_Material provided_
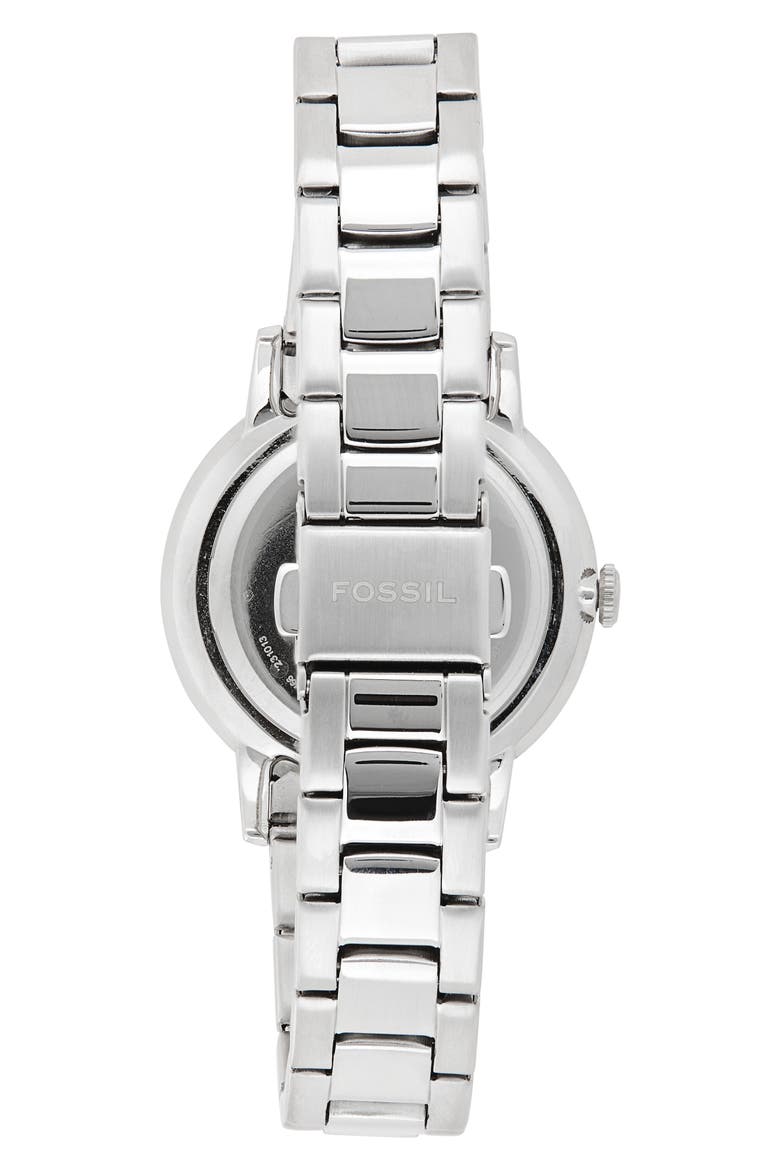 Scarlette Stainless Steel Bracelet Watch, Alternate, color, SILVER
---
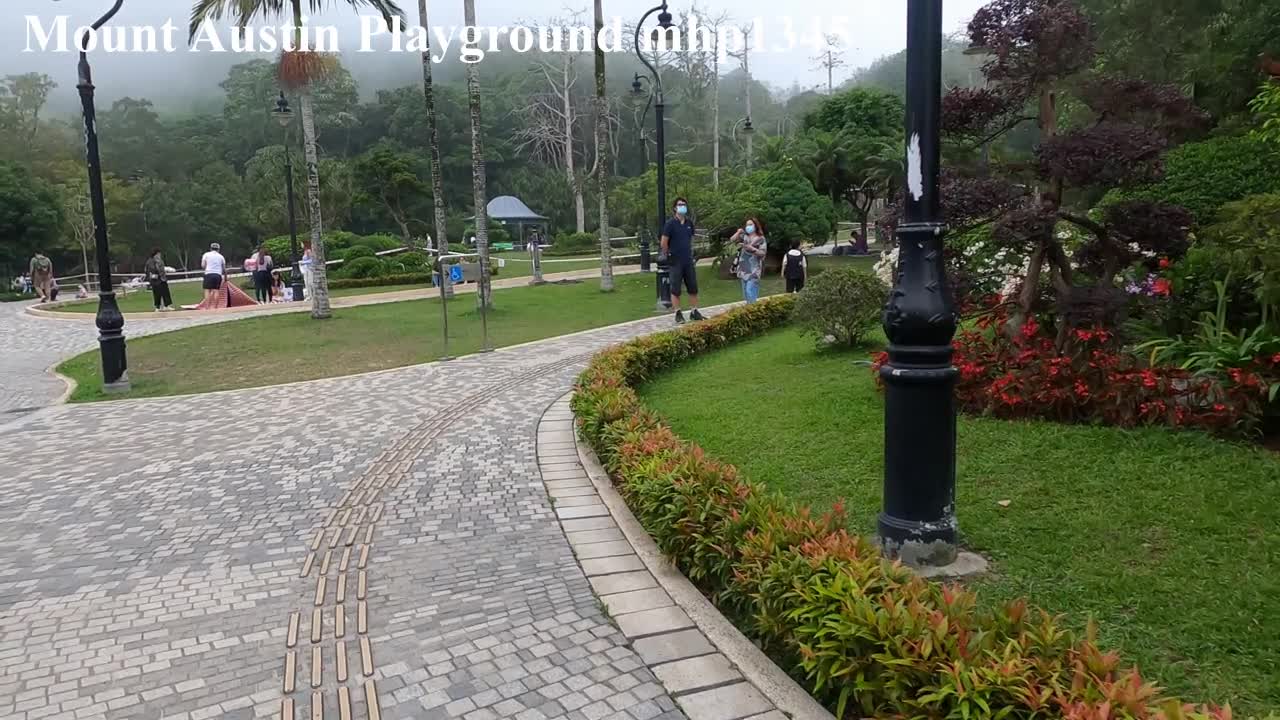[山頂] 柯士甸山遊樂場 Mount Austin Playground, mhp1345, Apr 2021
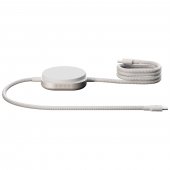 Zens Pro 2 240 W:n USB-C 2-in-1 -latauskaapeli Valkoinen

_Work instructions_
Your answer should be the lines above, word for word, from the line with "[山頂] 柯士甸山遊樂場 Mount" through the line with "Zens Pro 2 240", minus the pictures.

_Finished task_
[山頂] 柯士甸山遊樂場 Mount Austin Playground, mhp1345, Apr 2021
 Zens Pro 2 240 W:n USB-C 2-in-1 -latauskaapeli Valkoinen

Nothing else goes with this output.